Cocodrilos viendo la TV
Las almas, como velas, alumbran consumiéndose y derramando lágrimas.
Somos capaces de ver diariamente las noticias en televisión sin los ojos encharcados por las lágrimas ante la injusticia que reina por el mundo. Aceptamos sin sonrojo que haber nacido en un continente austral como África o Sudamérica implica para la inmensa mayoría de sus habitantes vivir en la precariedad más absoluta. Nuestra piel de televidentes se ha endurecido como la de los reptiles, y sólo lloramos con lágrimas de cocodrilo por el final sentimental de alguna película. Incluso olvidamos que la recia piel de cocodrilo, creyéndose inmune a cualquier ataque, acaba vendiéndose en forma de zapatos o billeteros de lujo.
Las imágenes del jueves sangriento de Madrid nos conmovieron profundamente. Los vagones reventados y las víctimas por doquier estremecieron nuestras almas dormidas. Aquel día, y todavía al mes siguiente, las palabras lloran y las lágrimas hablan. Dicen que los ojos solamente ven bien a través de las lágrimas. Cada lágrima nos enseña a los mortales una verdad.
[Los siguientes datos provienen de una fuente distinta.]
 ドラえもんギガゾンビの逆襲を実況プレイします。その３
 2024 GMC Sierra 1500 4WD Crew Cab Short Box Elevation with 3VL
Aprendamos de los trágicos sucesos, de aquel dolor sincero de quienes lloramos en secreto. Somos como recién nacidos: sólo si lloramos sabremos que vivimos.
El 11-M revive los versos de Rubén Darío: “Cuando quiero llorar, no lloro… Y a veces lloro sin querer”. Aprendamos a llorar, sí; pero a llorar de pie, continuando tenazmente con nuestro trabajo por la tolerancia, por la paz y por la solidaridad. La existencia humana se reafirma con dos cualidades inmortales: la voluntad y la ternura. Son cualidades propias de todas las personas: la fortaleza y el amor, que nos enseñan a hombres y mujeres que se puede vencer a la brutalidad y a la indolencia que tanto abundan. Todos somos culpables de hacer verter lágrimas o no haberlas enjugado, pero si educamos a nuestros hijos para la constancia y el afecto, en casa y en la escuela, llegará un día en que la humanidad será feliz con el esfuerzo de todas las generaciones que sean necesarias.